Fitness provider Peloton has filed for an IPO later this year, looking to raise $500m in new capital. The IPO was expected, but the financial details are somewhat surprising. Specifically, while Peloton generated $915m in revenue in its most recent fiscal year ended June 30. It also lost over $195m in that fiscal year, which is nearly 3x the prior year.
Most interesting is Peloton’s claim to be a “technology” company. Peloton streams classes – live and on-demand – to subscribers, via a tablet on the bike or to your iPad. Clearly they use technology, especially for streaming, but so does my 9-year-old daughter.
Business today is overly enamored with the concept of disruptive innovation, driven by technology.

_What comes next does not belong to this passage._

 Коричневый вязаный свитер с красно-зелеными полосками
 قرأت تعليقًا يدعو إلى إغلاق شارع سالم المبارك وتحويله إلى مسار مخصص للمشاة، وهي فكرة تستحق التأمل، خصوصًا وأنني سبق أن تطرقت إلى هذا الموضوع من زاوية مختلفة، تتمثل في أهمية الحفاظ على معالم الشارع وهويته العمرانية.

Amazon’s Go store concept has generated several copycat trials, along with a few companies that will provide a system-in-a-box for retailers looking to get into that space.
The focus on technology appears to be less to provide a solution, and more to generate positive media response. Amazon Go has achieved the coveted status of “disruptive innovation,” worth its weight in gold for PR value, even though it’s very much a niche execution.
Fifty years ago we put men on the moon and brought them home safely. That was the goal; the technology was only a tool to accomplish that goal. Lots of disruptive innovation came out of the Apollo program, but that was a by-product of the process.
More and more companies – not just Peloton – claim to be in the technology business, but the use of computers, mobile phones, streaming video, drones, and user data doesn’t create a tech company any more than providing desks, pens, and a coffeemaker for employees creates an office supply company.